Girl Frame confidently stomps its way into a niche mecha genre
Credit: MossAndTwigs, Anxious Mimic RPGs

Mechsploitation is a sci-fi genre so niche, so specific in its community that I know for a fact that the vast majority of readers will fit into one of two categories. Either you will wonder what the heck mechsploitation is, or you’re a transgender lesbian. For the uninitiated, mechsploitation uses the tropes and trappings of mecha fiction to explore issues of dehumanization and oppression — which are foundational to the mecha genre, anyway — such as gender, sexuality, BDSM and kink, abuse, and trauma. Kallidora Rho’s WARHOUND is inarguably the cornerstone of the genre, defining the archetypes of Hound and Handler — a mecha pilot and her dispatcher/commander/caretaker — and their twisted, abusive relationship. In the time since WARHOUNDs 2023 release, mechsploitation has grown into a vibrant community of largely transfeminine authors, established and otherwise, who have released hundreds of works across AO3 and other platforms.
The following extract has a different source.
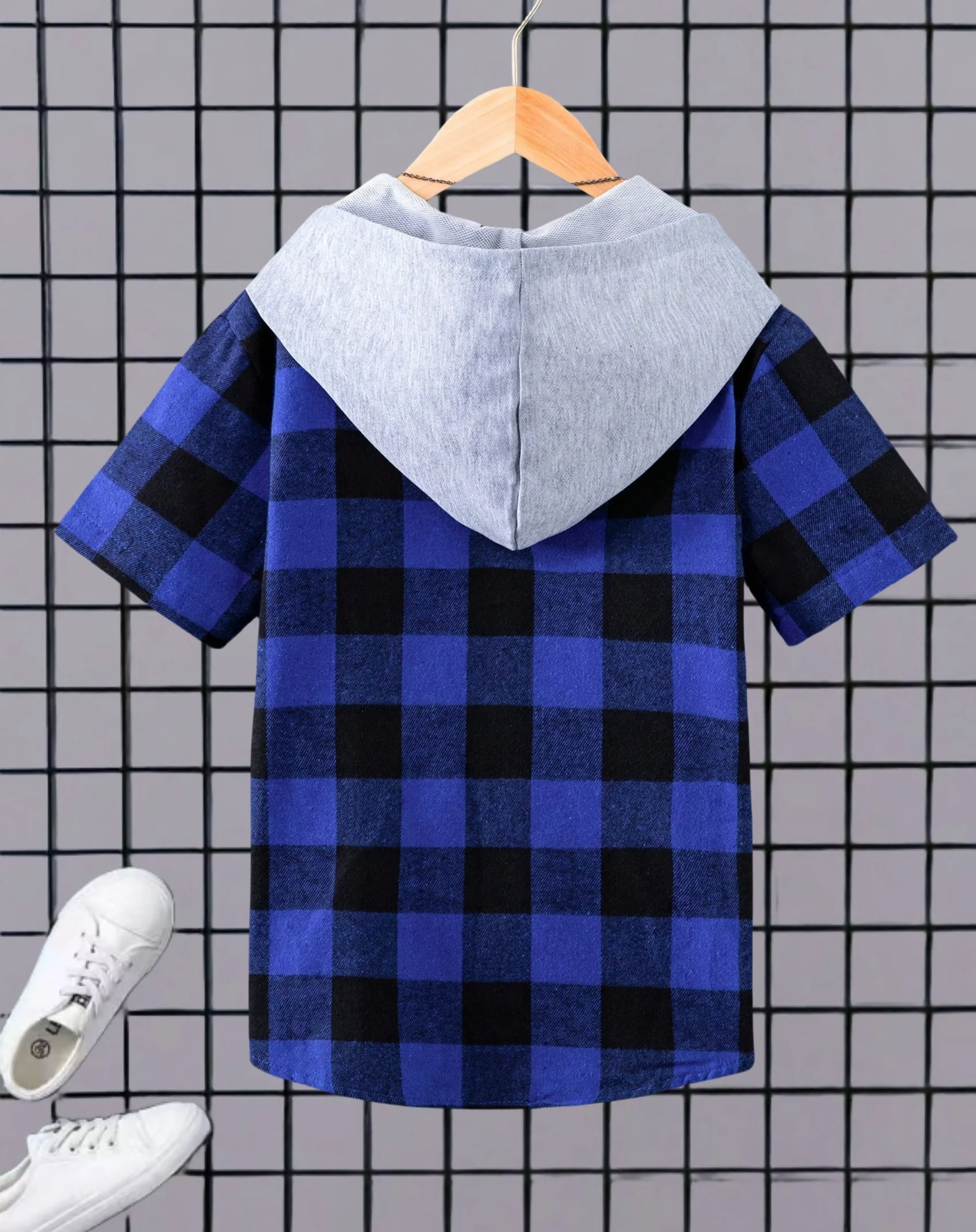 Boys plaid hooded short-sleeved shirt: fashionable blue and black color matching, casual and comfortable design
Girl Frame, by Isabelle Ruebsaat, is a Powered by the Apocalypse-based RPG (specifically the Apocalypse Keys variant) that enables play in the mechsploitation genre, and has been an instant success. When I spoke to Ruebsaat in November, just a few weeks after Girl Frame’s ashcan release, it had sold over 1,500 copies and grossed $18,000. To give some context, Ruebsaat was shocked when she hit 80 sales. Full disclosure: I bought one of those 1,500 copies as soon as the game showed up on my radar, which is probably unsurprising to our long-time readers. Trans lesbians and mecha? Totally my thing. However, I have a much more complex relationship with the mechsploitation genre. WARHOUND is a superb book that I realised was very much not for me, instead preferring my traumatic lesbian mecha fiction in the form of Maria Ying’s Hades Calculus.

I say this not to go on a literary critique tangent, but to highlight that even if the ingredients are right, and they’re expertly crafted, that the result may still not be to one’s taste. Happily, Girl Frame grabbed me immediately and swiftly became one of my favorite PbtA games, and the only one that I’ve done a good job of running.